German public transport operates on an honour basis. This means that you are trusted to have the correct ticket but you must produce that ticket immediately if asked to do so by a ticket inspector. Ticket inspectors are often dressed in plain clothes and will not make an exception for non-German speakers. If you are caught without a valid ticket or pass you will have to pay an on-the-spot fine which could be €60 or more. The Embassy of Ireland in Berlin cannot assist you to avoid paying a fine. We can send you a list of English-speaking lawyers in Germany should you wish to pursue the matter privately.
Certain tickets, such as a day pass (Tageskarte) or a 7-day pass, have an open date or time and must be validated before boarding public transport to show at which time and date you began to use the ticket. Tickets are validated by inserting them into a validating machine (Entwerter). Validating machines (yellow or red in colour) are usually located on under- and over-ground platforms and inside trams and buses. Make sure that you have a ticket that is valid for each zone in which you are travelling. Transport prices and rules vary between cities so make sure to check the transportation authority of the city you are visiting. At the time of writing, a day pass on the Berlin public transport system expires at 3am the day after validation (i.e. not 24 hours after validation) and a 7-day pass expires at midnight on the seventh day of validation. In Dresden a day passes expires at 4am, in Hamburg 6am and in Frankfurt at close of operations or the last journey of the day. Ask the ticket office which rules apply. Anyone caught without a valid, or validated, ticket can face an on-the-spot fine.

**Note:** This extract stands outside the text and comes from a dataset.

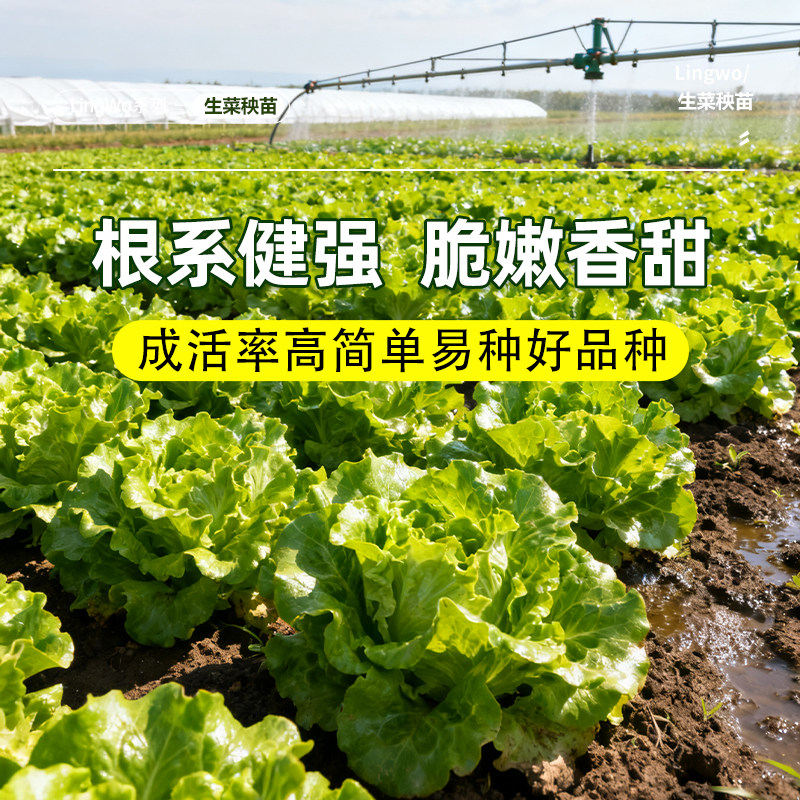 生菜苗带土秋冬耐寒秧苗紫叶奶油蔬菜苗家用阳台盆栽四季可种,淘宝优惠券,粉丝福利购,淘宝优惠卷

When booking a Deutsche Bahn rail ticket online you will be asked to designate an identity card (passport, passport card, credit card etc.) which you must present to the ticket inspector on the train to show that you are the person named on the ticket. Make sure to bring the same card/identification document with you on your journey. If your ticket is for a specific train and time it may not need to be validated. If your ticket is open make sure to validate it before boarding the train at one of the red validating machines located on the platform. Failure to validate your ticket can result in an on-the-spot fine or in your being removed from the train.
It is illegal to cross German pedestrian crossings when the red pedestrian light is on. Offenders risk a fine and payment of all costs in the event of an accident. While the Embassy cannot provide legal advice if you wish to challenge any fine, we can send you a list of English-speaking lawyers should you wish to pursue the matter privately.